The Court held that none of the seven features were "banal or commonplace" within the existing design corpus, but it did find similar designs in the design corpus for every feature. For each feature, design constraints and/or the presence of similar designs in the design corpus explained much of the similarity between the Galaxy Tab and Apple's design.
The Judge's Conclusions
HHJ Birss QC explained that at first he had been struck by the similarity of the Galaxy Tab to the Apple design when he looked at it resting on a table, however, this served to demonstrate the importance of assuming the mantle of the informed user and considering the design corpus. The judge noted the near identity of the front surfaces of the Galaxy Tab and Apple's design, but reduced the weighting of this factor, because there were numerous examples of similar fronts in the existing design corpus. Overall simplicity was the second key similarity, as evidenced by the absence of indicator lights or buttons on the front of the Galaxy Tab or conspicuous switches or fittings on other surfaces. The third key similarity was the "flatness enhancing" effect of the sides.
Of the differences between the designs, two were material: (1) the Apple design is twice as thick as the Galaxy Tab; and (2) there is visible detailing on the back of the Galaxy Tab, which would have appeared unusual to the informed user.

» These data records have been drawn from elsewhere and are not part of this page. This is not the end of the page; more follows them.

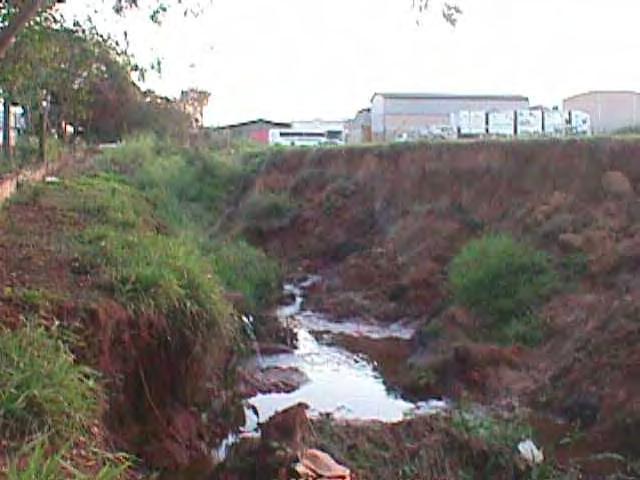 Foto 6: Sinais de retomada erosiva transversal e longitudinal, a montante da canalização do Ribeirão Tijuco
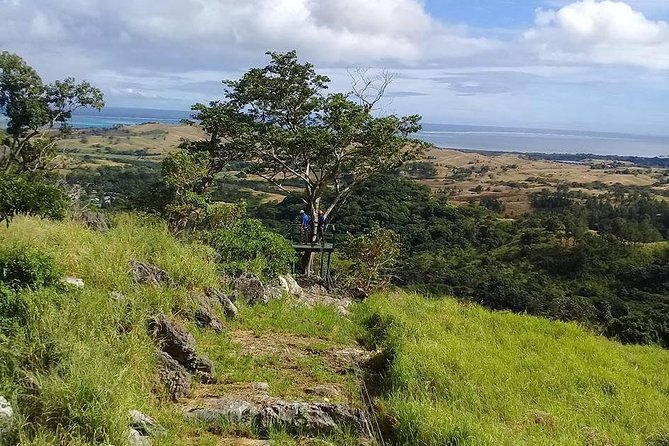 The Amazing Highlights of Nadi and Veseisei ( Private Tour ) - Common questions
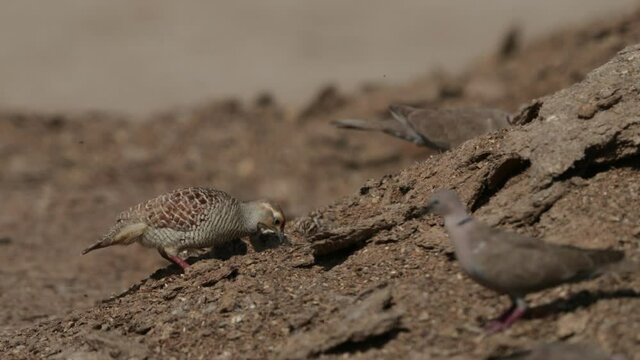 Grey francolin with chicks at Adhari, Bahrain 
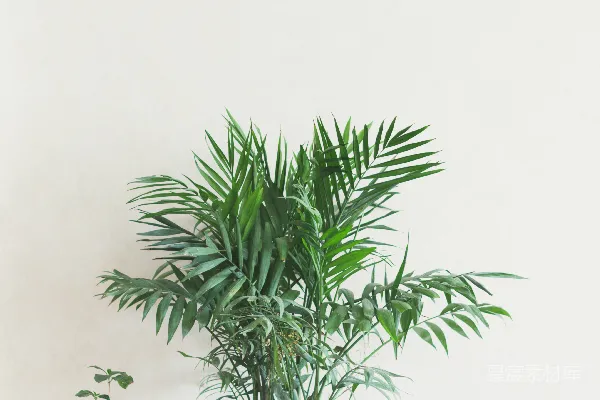 高清摄影 棕色木桌上的绿色植物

The second difference was important because the back of a tablet is an area where there were fewer design constraints and where there was greater variation in the existing design corpus.

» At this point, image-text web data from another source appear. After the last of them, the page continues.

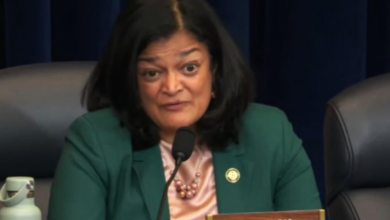 Photo of टैरिफ को लेकर अमेरिकी प्रतिनिधि प्रमिला जयपाल ने किया आगाह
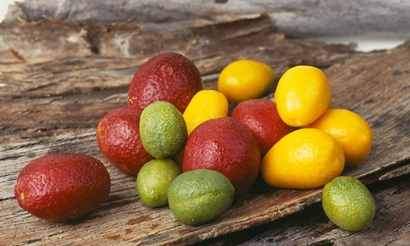 Image of Australian Blood, Sunruse and Outback Limes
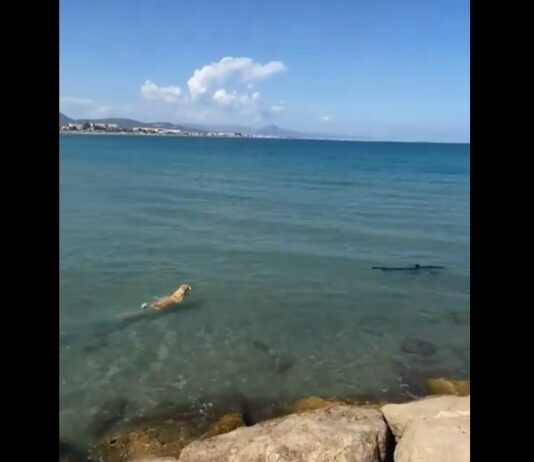 Ein Hund springt an einem Strand in Denia ins Meer um einen Hai zu jagen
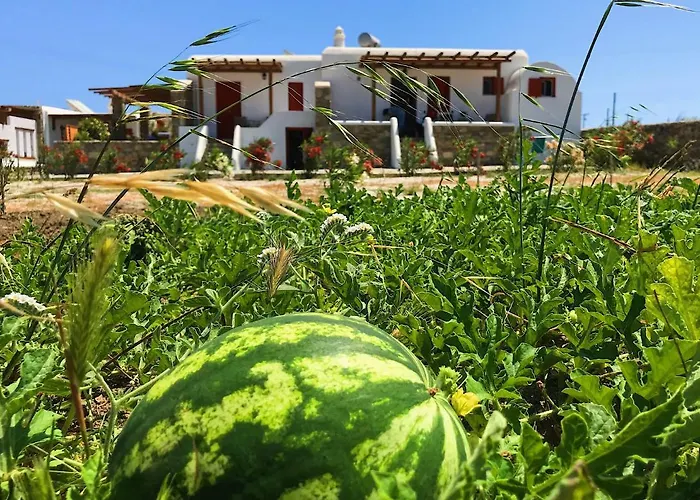 Apartamento Myconian Brothers *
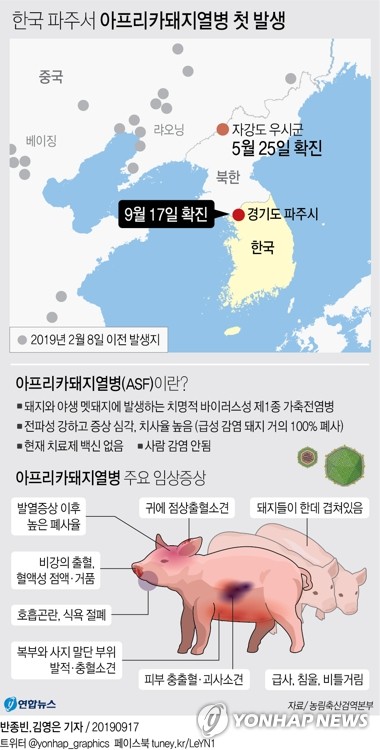 농림축산식품부는 16일 경기도 파주시의 한 양돈농장에서 아프리카돼지열병이 발생했다고 17일 발표했다.
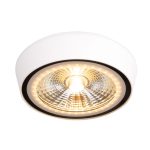 MaxLight C0207 LAMPA SUFITOWA CHARON BIAŁY IP65 - MAX-C0207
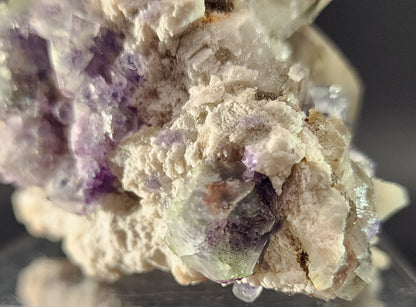 Close-up of a Fluorite, Smokey Quartz specimen from The Crystalary's Green Monster Pocket in the Tarryall Mountains, Colorado, showcasing light purple and green fluorite crystals embedded in a rough, white matrix. The intricate crystalline structures are visibly complex, creating a stained glass effect as the colors contrast strikingly against the textured white surface.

Weighing these factors, the Judge concluded that the Galaxy Tab did not have the same "understated and extreme simplicity" of the Apple design and was "not as cool". Thus, the Galaxy Tab produced a different overall impression and did not infringe.
Following the judgment, the Judge ordered Apple to publish a notice on its UK website and in UK newspapers, summarising the judgment and stating that Samsung had not copied its design for the iPad. Normally, the Court would order the infringer to publish such a notice (if it loses on infringement), so making this order was an unusual step. It will be interesting to see if such orders become a standard remedy in other infringement cases. Samsung was denied an injunction to prevent Apple from making public statements expressing that the Galaxy infringed its design rights on the grounds that Apple was entitled to its own opinion. Apple has been granted permission to appeal the judgment.